Netty Version: lastest master (94bf412)

/cc @Scottmitch @nmittler

I have a serious issue (it is actually a blocker) that is preventing me from releasing the next version of our product (which will support HTTP/2 traffic). I would really appreciate it if this could be resolved quickly. I am more than willing to help out with this (submit a PR) as long as someone can help point me in the right direction to fixing this issue.

Issue Details
When sending a large response to a client, the flow controller fails to send the entire response. This is very similar to #4052, but is not solved by the fix for that issue.

The problem stems from the fact that the flow controller and state only write up to N allocated bytes here. If there are still pending bytes to write, the flow controller should trigger another write, after flushing. Unfortunately, at this time, all it will do is flush the N allocated bytes, something must be done so that it will trigger another write (and subsequent flush). I don't know how it should accomplish that. I am aware there is a pending pull request for 'stream writability' (#4227), but I don't believe it goes far enough to fix this issue on its own.

Example
Given:
HttpServer which receives a request, generates a FullHttpResponse, and calls writeAndFlush. The pipeline is configured to convert the FullHttpResponse to HTTP/2 Frames.

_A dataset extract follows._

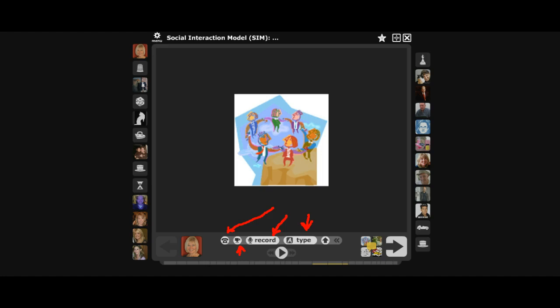That's how you use VoiceThread and it's easy. It's really wonderful for many, many, many ways and especially to voice your opinion. Thank you.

Response / Channel / Stream Info:
Response size: 100,000 bytes
Channel WriteBuffer High Watermark: 65,535 bytes
Stream allocated bytes: 43,000 bytes

Given the scenario above:

  1. Http2ConnectionHandler receives a call to flush the converted FullHttpResponse and tells the flow controller to write the pending bytes.
  2. the flow controller calculates the number of bytes to write (allocate) for the stream.
  3. the flow controller then triggers a write N allocated bytes for each stream.
  4. DefaultState will write 43,000 bytes down the pipeline.
  5. Http2ConnectionHandler will then trigger a flush to flush the 43,000 bytes to the socket.

So the problem is that only the first 43,000 bytes were sent to the socket. The other 57,000 bytes still need to be sent.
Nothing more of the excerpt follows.